Un mancato introito per l'Italia pari a circa 6,4 miliardi di euro, di cui oltre il 60% destinato allo Stato (dazi doganali e IVA) e un indotto economico non attivato per il tessuto imprenditoriale del Paese di ulteriori 5,5 miliardi di euro. Sono questi, in sintesi, i risultati di uno studio di Fedespedi (Federazione Nazionale delle Imprese di Spedizioni Internazionali) sugli effetti per il nostro Paese derivanti dall'importazione via Nord Europa, ogni anno, di circa 900 mila contenitori di merce destinata al mercato italiano (con una valore complessivo stimato di circa 27 miliardi di euro).
Secondo Fedespedi, questa situazione è causata principalmente dall'eccesso di burocrazia che caratterizza le procedure di importazione della merce in Italia, dove possono essere ancora oggi svolte fino a 17 tipologie di controllo e possono intervenire fino a cinque Ministeri. In particolare, la ricerca ha evidenziato come per ogni contenitore da 20 piedi importato nei porti del Nord Europa, attribuendo alla merce trasportata un valore economico medio-basso di 30mila euro, il mancato introito per il sistema Paese sia di circa 7100 euro.

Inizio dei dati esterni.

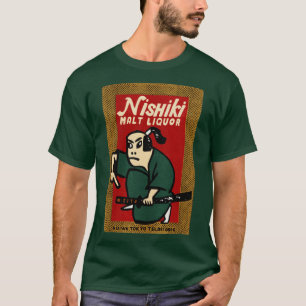 T-shirt Liqueur de malt japonais vintage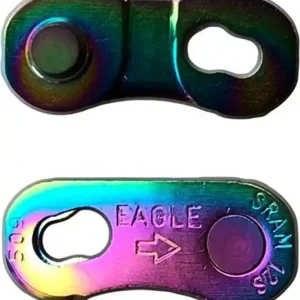 Sezónní Sleva spojka řetězu SRAM 12 speed, PowerLock Eagle Rainbow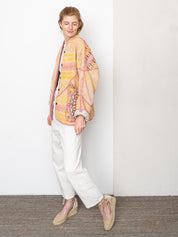 The Ladhiya Suzani Quilted Kantha Jacket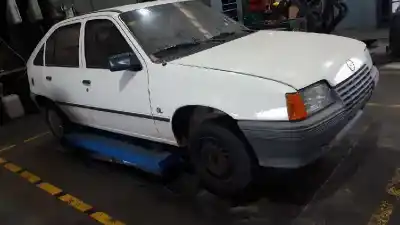 Scrapping Vehicle opel kadett e gls berlina of the year 1985 powered 13s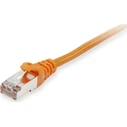 Καλώδιο Δικτύου Equip Cat6 S/FTP 2xRJ45 50.00m Orange LSZH polybag
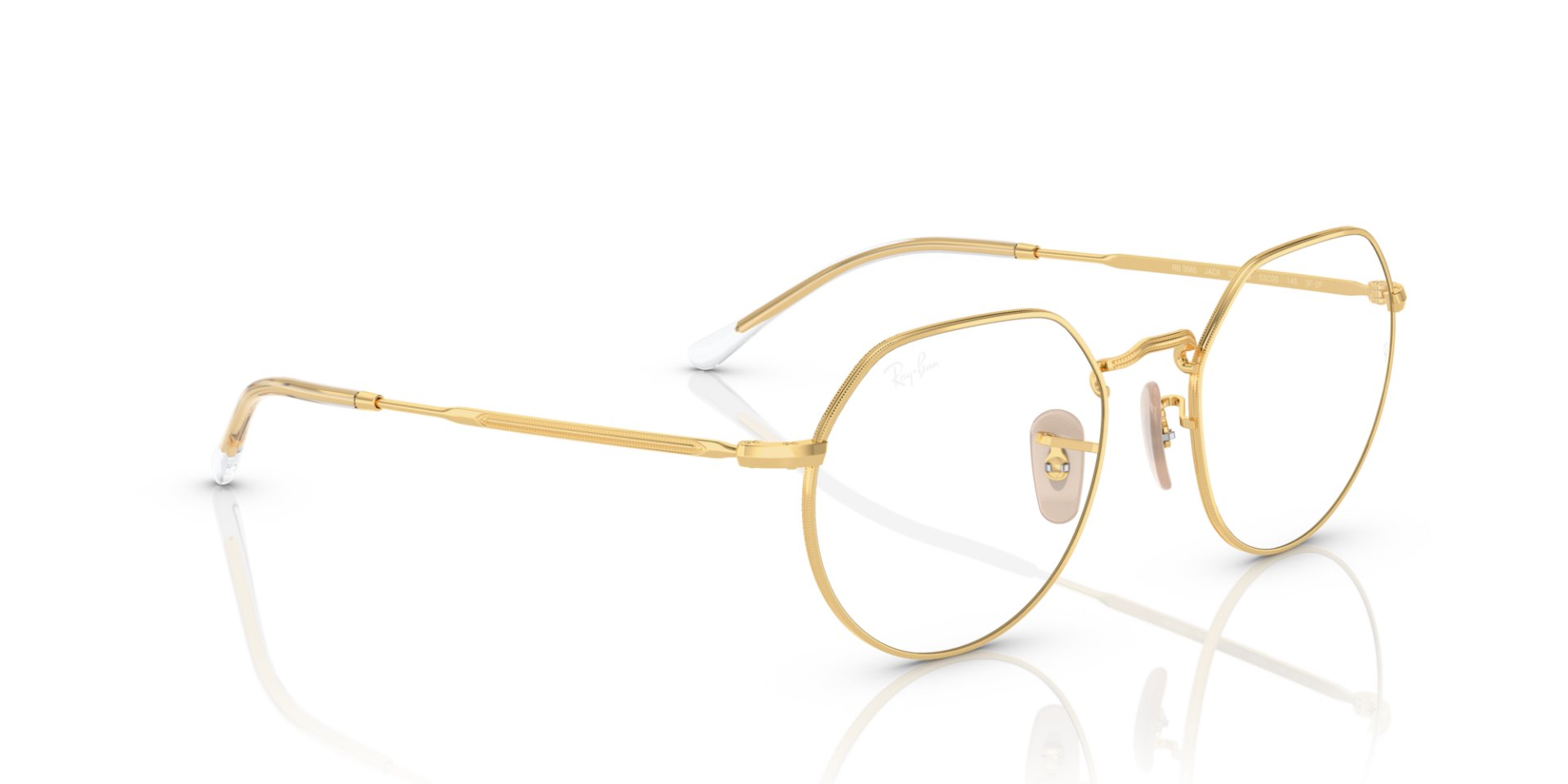 RAY-BAN 0RB3565 001/GG Unisex Güneş Gözlüğü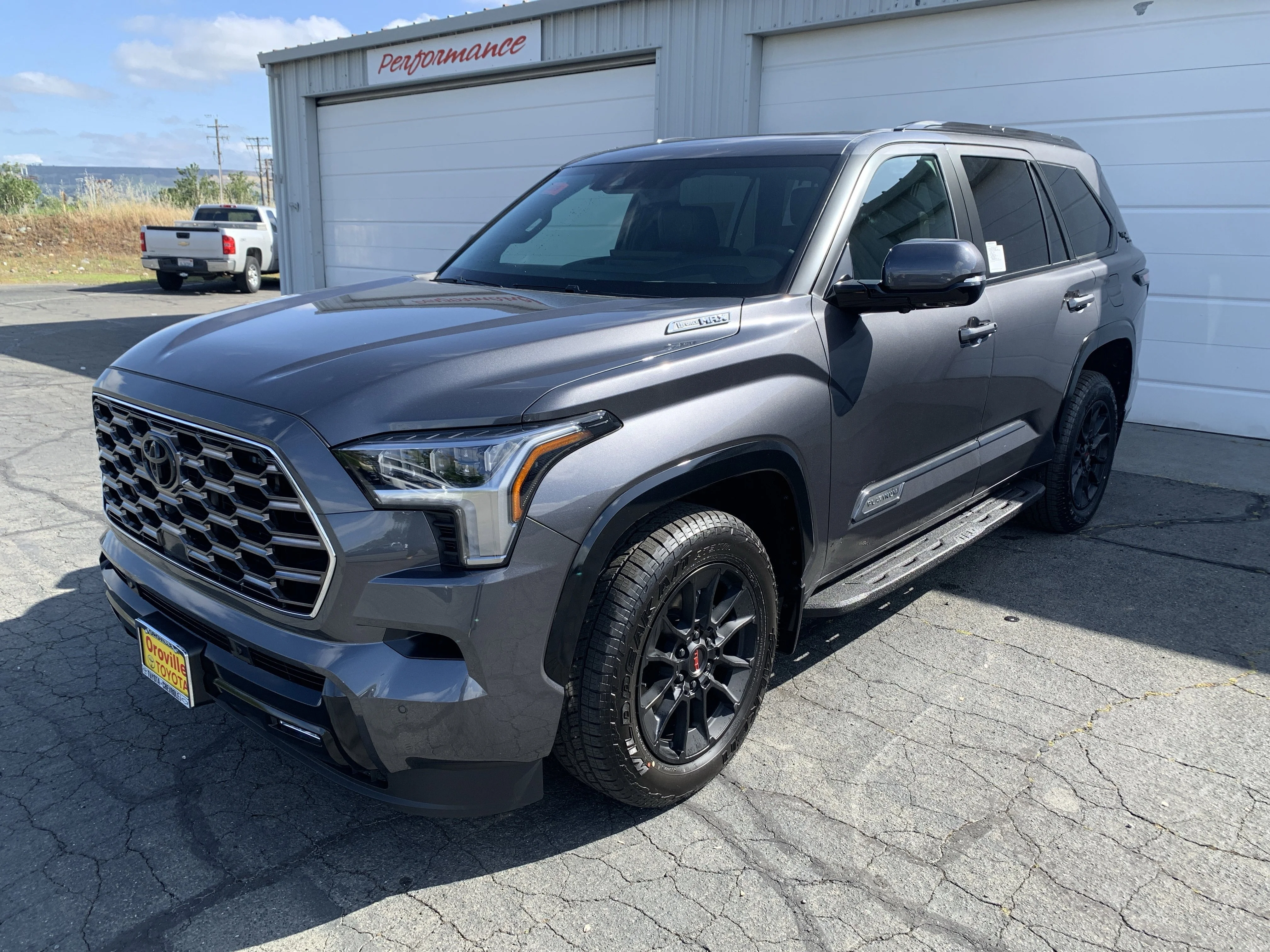 2026 Toyota Sequoia Platinum 4WD i-FORCE MAX Hybrid's photo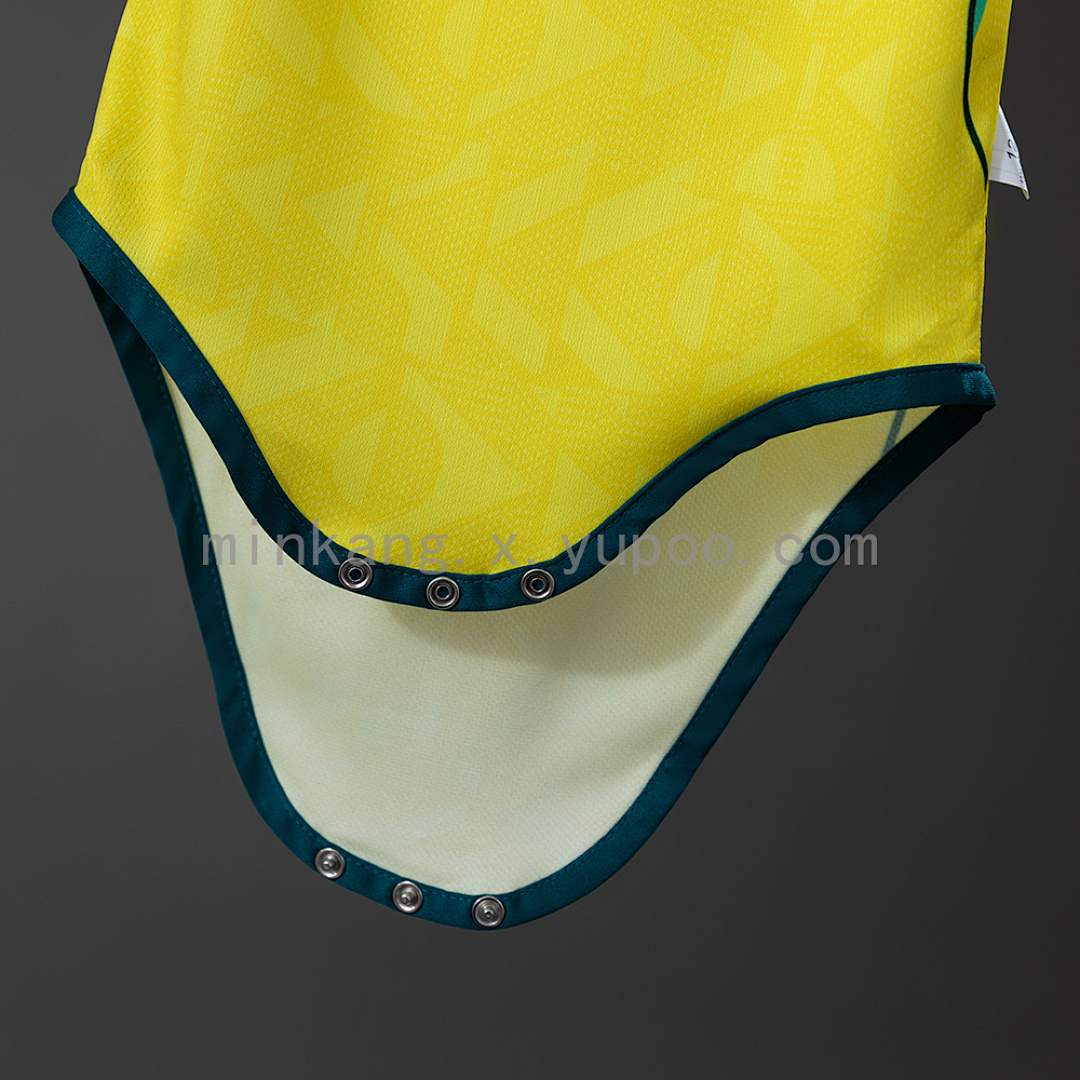 Brazil 26/27 Baby Home Jersey size 9/12 4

Tale valore si ottiene sommando le numerose voci di costo che intervengono nell'importazione in un porto italiano di un contenitore di tali dimensioni considerando dazi doganali e Iva destinati all'Erario, tasse portuali, costi legati alle agenzie marittime, terminal portuali, spedizionieri, autotrasportatori e infine indotto bancario riguardante le operazioni di importazione. Moltiplicando il mancato introito per ogni singolo contenitore (circa 7100 euro) per i circa 900 mila contenitori stimati, si ottengono i circa 6,4 miliardi di euro di mancati introiti complessivi per il sistema Paese evidenziati dalla ricerca.
Inoltre, secondo lo studio Fedespedi, importare in Italia tali contenitori genererebbe un indotto economico per il tessuto imprenditoriale del Paese di ulteriori 5,5 miliardi di euro, risultato ottenuto applicando il moltiplicatore del reddito del cluster marittimo (2,37) al valore dei potenziali nuovi ricavi che tale operazione porterebbe al mondo delle imprese (circa 2,34 miliardi di euro).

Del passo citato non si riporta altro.